Entanglement and Criticality in Quantum Impurity Systems

We investigate the entanglement between a spin and its environment in impurity systems which exhibit a second-order quantum phase transition separating a delocalized and a localized phase for the spin. As an application, we employ the spin-boson model, describing a two-level system (spin) coupled to a sub-Ohmic bosonic bath with power-law spectral density, $\mathcal{J}(\omega )\propto {\omega }^s$ and $0<s<1$. Combining Wilson’s numerical renormalization group method and hyperscaling relations, we demonstrate that the entanglement between the spin and its environment is always enhanced at the quantum phase transition resulting in a visible cusp (maximum) in the entropy of entanglement. We formulate a correspondence between criticality and impurity entanglement entropy, and the relevance of these ideas to nanosystems is outlined.

Figure 1

Unification of entanglement and criticality at a second-order impurity quantum phase transition.

Figure 2

NRG results for the entanglement at $T=ϵ=0$ in the sub-Ohmic case $s=0.5$, which can be realized through a qubit coupled to an $RLC$ transmission line; the arrow marks the position of the quantum phase transition.

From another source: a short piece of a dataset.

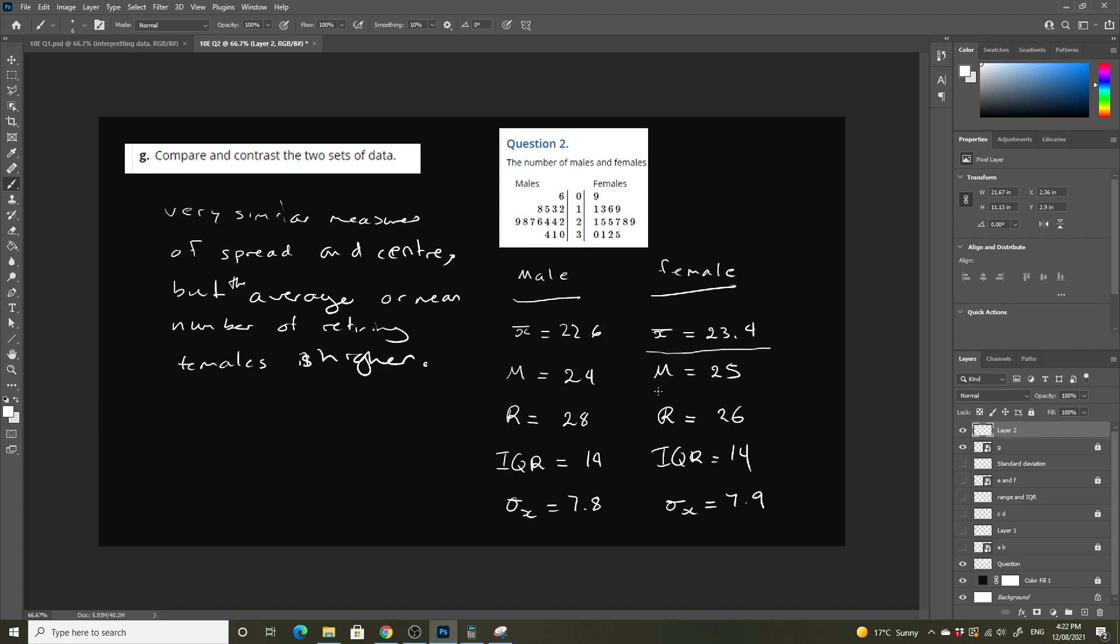The median is slightly higher. The range is slightly lower. The interquartile range is exactly the same, and the standard deviation is very similar. So what separates these is essentially just the average number of retiring females.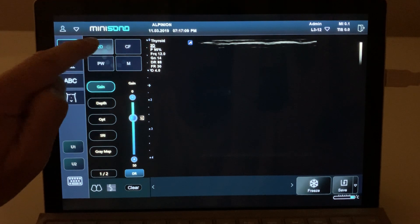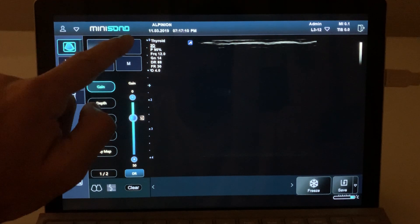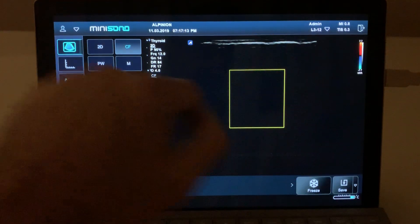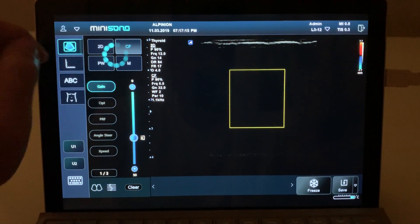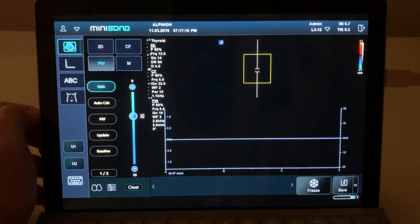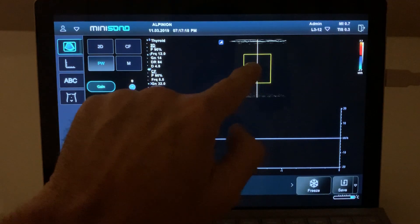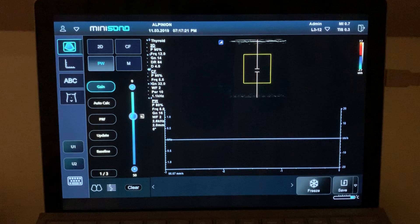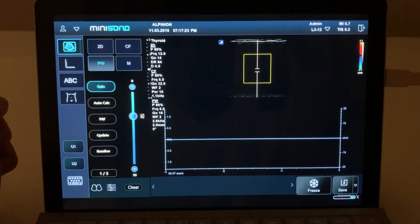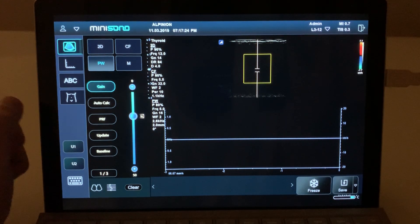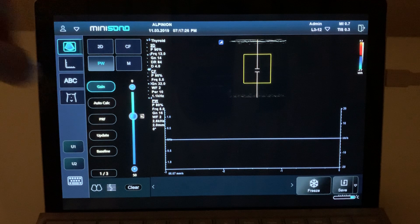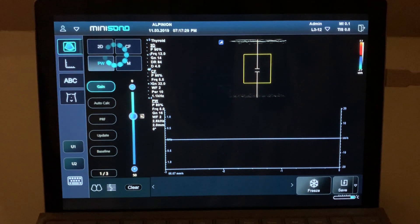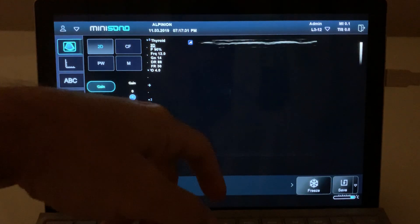Then we have the image modes. The main image mode is 2D. It also has color flow — when you select it you'll see the color flow box. Then it has PW — when you click on that you will see the PW gate and the PW waveform. If you want to go back to 2D, click here and you'll see it went back to 2D.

The relevant susceptibilies ${\overline{\chi }}_z$ and ${\chi }_{\perp }$ are presented in insets.

Figure 3

The entropy of entanglement $E$, obtained from NRG, displays a cusplike behavior for all $0<s<1$. For $s\to 1$, $E$ becomes rapidly suppressed at ${\Delta }_c^{-}$ which is a reminiscence of the ohmic case (KT transition).

Figure 4

$E(\Delta )$ at $s=0.5$ and $\alpha =0.1$ for several values of $ϵ$. Inset: universal scaling in the critical region for three different values of ${\Delta }_c$ (from NRG we obtain $\kappa \sim 0.6$ and the exact exponent is $\kappa =2/3=0.66\dots$).

Figure 5

Exponent $\kappa$ versus $s$ from NRG. For all $0<s<1$, $\kappa =2/\delta$ and for $0<s\le 1/2$, $\kappa =2/\delta =1/\overline{\delta }$.